Last weekend, I was watching the enchanting Jennifer Garner flick 13 Going On 30 (it was part of a movie marathon that included two other favorites guaranteed to drive any man away, In Her Shoes and Something's Gotta Give), and thinking I really ought to star in the sequel, 30 Going On 13.
When I was 13, I was a very powerful eighth-grader at Crosby Middle School. I was the number-one flute player in the school (duh), and my band teacher and I even had a special whistle. (Mr. Dennis Anderson was possibly the best teacher of my entire public school career and beyond, and I sincerely wish I'd called him up and told him that before it was too late.) My on-again, off-again love interest was a bad boy named Brandon with a floppy blond bowl-cut, and I never found his antics anything but 100% amusing. Most of our romance played out in the back of Jefferson County Schools bus #411, but he was an excellent folder of notes and he did jump off my parents' balcony to impress me once.

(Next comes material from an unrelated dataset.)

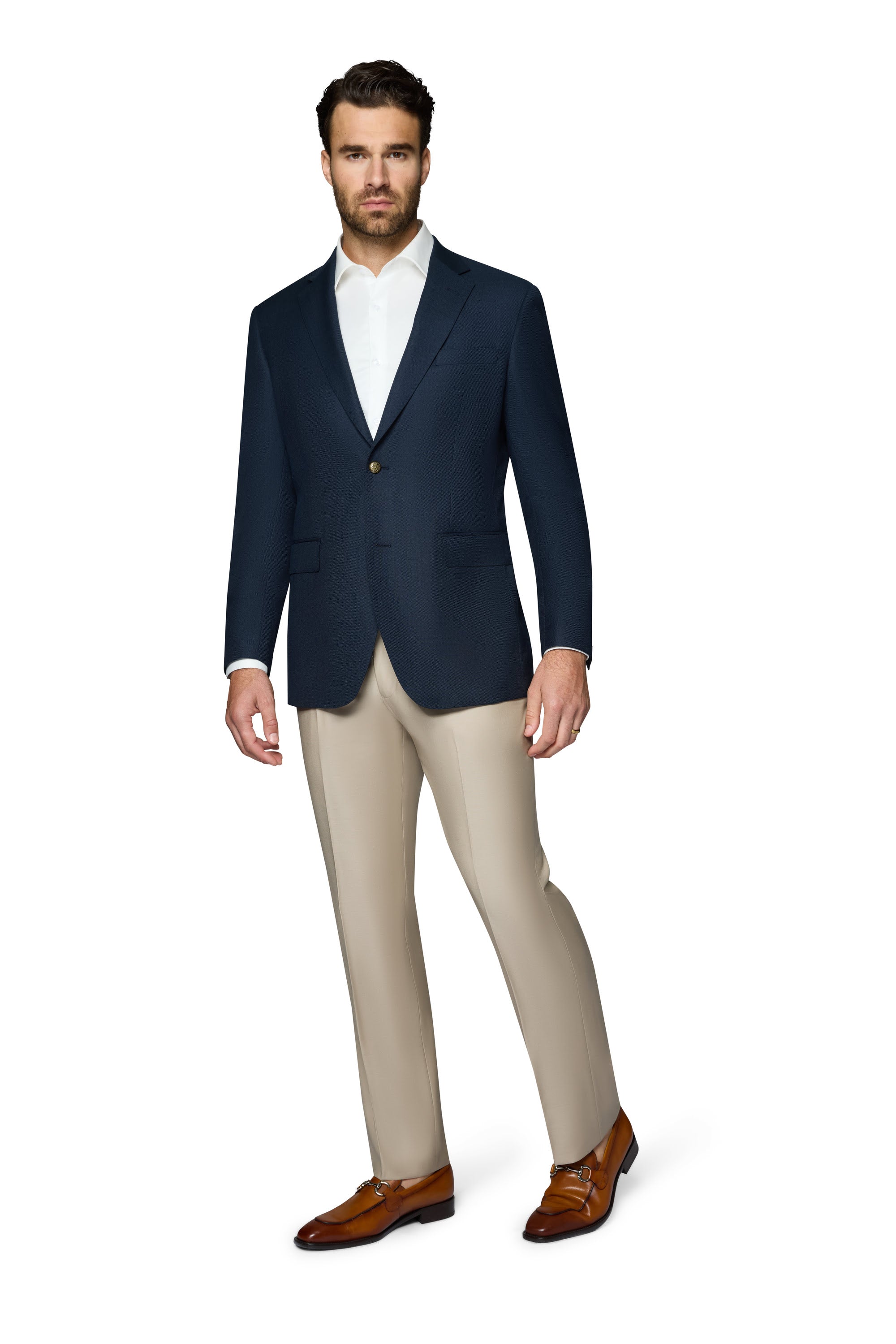 Bergamo Elegant Wool Blazer Modern Fit - Navy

Anywho, if I could lend my 30-year-old brain to my 13-year-old self for a week or so, there are a few things I could easily accomplish:
1. Since my most cherished activity of all time is staring out the window, I would stage a walkout at Crosby Middle School, a stinking brown blob of a building designed in the '70s when the presence of windows was considered a menacing distraction for students. Little did those idiot architects know how many perfectly coherent sentences I would dream up while staring out of windows later in life.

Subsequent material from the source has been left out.